== Action item ==
Stopping at the line that holds "Ein Hotelzimmer mit", repeat the lines below exactly, starting from the very first and including that final line.

[Dataset entries]
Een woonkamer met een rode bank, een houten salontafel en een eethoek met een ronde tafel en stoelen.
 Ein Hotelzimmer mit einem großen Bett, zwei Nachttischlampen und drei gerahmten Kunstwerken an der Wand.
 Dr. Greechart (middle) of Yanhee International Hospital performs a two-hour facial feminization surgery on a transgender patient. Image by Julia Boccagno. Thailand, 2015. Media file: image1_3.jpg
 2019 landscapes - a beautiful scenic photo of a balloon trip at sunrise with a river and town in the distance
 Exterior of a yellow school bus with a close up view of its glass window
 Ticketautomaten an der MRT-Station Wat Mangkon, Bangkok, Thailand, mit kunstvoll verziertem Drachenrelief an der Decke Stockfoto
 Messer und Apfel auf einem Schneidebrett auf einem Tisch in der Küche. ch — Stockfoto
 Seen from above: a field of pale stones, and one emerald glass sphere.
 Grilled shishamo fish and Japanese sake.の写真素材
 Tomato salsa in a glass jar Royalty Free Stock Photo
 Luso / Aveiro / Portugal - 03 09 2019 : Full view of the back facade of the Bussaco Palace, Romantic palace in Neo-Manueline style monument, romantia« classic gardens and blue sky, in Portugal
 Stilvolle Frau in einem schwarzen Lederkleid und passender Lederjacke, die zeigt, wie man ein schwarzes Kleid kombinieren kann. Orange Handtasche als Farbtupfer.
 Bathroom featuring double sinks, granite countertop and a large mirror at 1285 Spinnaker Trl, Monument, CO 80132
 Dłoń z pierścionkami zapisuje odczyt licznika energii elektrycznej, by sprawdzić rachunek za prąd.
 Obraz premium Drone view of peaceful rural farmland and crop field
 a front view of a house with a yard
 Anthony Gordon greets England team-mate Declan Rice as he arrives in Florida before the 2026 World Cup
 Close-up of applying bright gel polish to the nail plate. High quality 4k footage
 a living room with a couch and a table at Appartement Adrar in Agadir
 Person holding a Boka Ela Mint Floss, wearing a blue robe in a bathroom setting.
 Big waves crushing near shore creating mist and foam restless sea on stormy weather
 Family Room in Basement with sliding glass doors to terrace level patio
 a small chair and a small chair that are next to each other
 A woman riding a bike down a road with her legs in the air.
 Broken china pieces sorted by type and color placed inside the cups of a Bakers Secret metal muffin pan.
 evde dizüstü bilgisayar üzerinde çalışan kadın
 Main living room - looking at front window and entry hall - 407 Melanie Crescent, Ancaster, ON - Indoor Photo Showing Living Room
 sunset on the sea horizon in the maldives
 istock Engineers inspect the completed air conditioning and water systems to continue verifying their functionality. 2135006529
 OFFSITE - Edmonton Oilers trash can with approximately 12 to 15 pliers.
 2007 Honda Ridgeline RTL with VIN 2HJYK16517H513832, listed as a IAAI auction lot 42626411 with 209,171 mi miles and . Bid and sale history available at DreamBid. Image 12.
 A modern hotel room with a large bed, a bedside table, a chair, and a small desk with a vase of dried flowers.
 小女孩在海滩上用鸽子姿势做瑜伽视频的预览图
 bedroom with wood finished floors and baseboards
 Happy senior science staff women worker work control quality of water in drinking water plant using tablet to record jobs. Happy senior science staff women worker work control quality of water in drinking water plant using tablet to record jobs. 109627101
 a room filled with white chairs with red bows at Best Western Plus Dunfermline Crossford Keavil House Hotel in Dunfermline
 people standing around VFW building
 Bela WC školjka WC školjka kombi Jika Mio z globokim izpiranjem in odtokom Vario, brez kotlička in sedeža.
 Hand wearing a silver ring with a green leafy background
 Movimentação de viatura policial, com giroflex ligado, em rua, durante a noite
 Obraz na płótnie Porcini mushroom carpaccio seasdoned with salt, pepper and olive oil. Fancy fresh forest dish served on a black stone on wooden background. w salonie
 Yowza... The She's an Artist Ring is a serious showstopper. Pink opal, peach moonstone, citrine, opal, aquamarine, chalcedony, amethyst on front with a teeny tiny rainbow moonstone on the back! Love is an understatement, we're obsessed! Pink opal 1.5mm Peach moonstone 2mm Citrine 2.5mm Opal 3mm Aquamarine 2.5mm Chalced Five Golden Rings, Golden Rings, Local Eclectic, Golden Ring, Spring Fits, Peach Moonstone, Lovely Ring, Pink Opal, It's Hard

== Your response ==
Een woonkamer met een rode bank, een houten salontafel en een eethoek met een ronde tafel en stoelen.
 Ein Hotelzimmer mit einem großen Bett, zwei Nachttischlampen und drei gerahmten Kunstwerken an der Wand.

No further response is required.